CS239-1 Homework Assignment #3 - April 26, 2007

Homework is due at the beginning of class, Thursday, May 3, 2007

  1. Consider the following situations. In each, what mistake did the person performing the evaluation make?

    A. A LAN's ability to handle different levels of voice-over-IP traffic is being tested. The workload used generates packets at appropriate times to emulate typical VoIP traffic patterns for telephone calls. The applied bandwidth of the workload is controlled by increasing the size of the packets.

    B. The performance of a remote file server is being tested. A server is loaded with test files of various sizes matching the expected set of files that will actually be stored, organized into directories in ways that seem realistic. The workload applied is a set of requests for test files. Each request is applied to a test file chosen from a distribution derived from traces of similar file servers.

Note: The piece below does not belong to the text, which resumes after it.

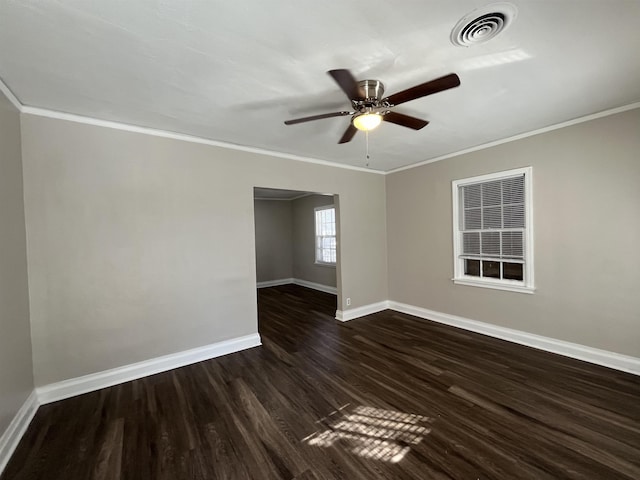 unfurnished room with ceiling fan, dark wood-style flooring, visible vents, baseboards, and ornamental molding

The type of each request (R,W,E,directory traversal, etc.) is chosen based on a distribution derived from the same traces.

    C. A distributed system serving a typical office environment has a dedicated server to hold all system log data generated by all other machines in the system. These log entries include records of all logins, execution of all programs, remote sessions set up with external machines, file system activities, and failures and other unexpected events. The only activities run on the dedicated machine are related to the logging - accepting log messages, writing data into the logs, compressing the logs during idle periods, producing daily log analysis reports, and running backups overnight. Having measured the performance characteristics of all processes that run on this server, an analyst plans to test if the server can handle logging for ten times as many machines as currently deployed. He plans to run the testing machine in a standalone mode. Another machine will create remote logging requests to send to the test machine, generating all characteristics of the log requests (timing, size, type, etc.) based on the observed distributions seen in the real network. A load generator on the test machine will start all other characteristic processes on the test machine at random intervals, the probabilities derived from the tests run on the real machine.

    D. A company whose business is renting time on its computers for kids to play videogames in its location is considering replacing its wired network with a wireless network. Since some of the popular games require certain network guarantees of loss rate of packets to be playable, the company is concerned whether the wireless network will achieve sufficient performance. A loss rate of more than 3% is bad for many kinds of games. An analyst measures the loss rate of the proposed wireless network in the actual location. He reports that the average loss rate is 2%, and suggests the wireless network will do fine for this use.

  2. Seer is a file hoarding system. It downloads replicas of files onto a portable computer while the computer is connected to its home network, with the goal of ensuring that the portable computer will have stored all the files its owner needs to use while it is disconnected from the network. The basic method used is to observe the user's activity, deduce relationships between files, and store all files required to perform certain high level activities (like working on a paper or compiling a program) that the user seems likely to perform in the near future.

    A. What metrics should be used to evalute Seer?

    B. What workload should be applied to Seer to test its performance?

    C. What instrumentation will be required to gather the data necessary to evaluate Seer?

  3. Should you use event-driven monitors or sampling monitors in the following situations? Why?

    A. You need to determine the amount of real memory being used by various processes in an operating system.

    A. You need to know how many packets are being handled by a high speed router in a real deployment.

    C. In a testing environment, you need to know the queue length of unsatisfied requests at a web server, under both low and high load conditions.

  4. You are testing the performance of an open source mail client program. You are especially interested in whether a new anti-spam component of the system that clearly performs some very serious analysis of each incoming mail message will slow down the performance of the mail client unacceptably. So the primary question you are interested in answering is how much load is imposed on the system by the arrival of a message and its processing through the anti-spam component. You've gathered a collection of real emails, both legitimate and spam, to use as a workload. You will feed these messages to the mail client at varying rates and with varying mixes of legitimate and spam messages. You have a dedicated Linux machine to use for your testing, and complete liberty to alter the machine's configuration in any way you want. How should you instrument this experiment? Remember, an important issue in this and any other experiment is the amount of time and effort required to perform it.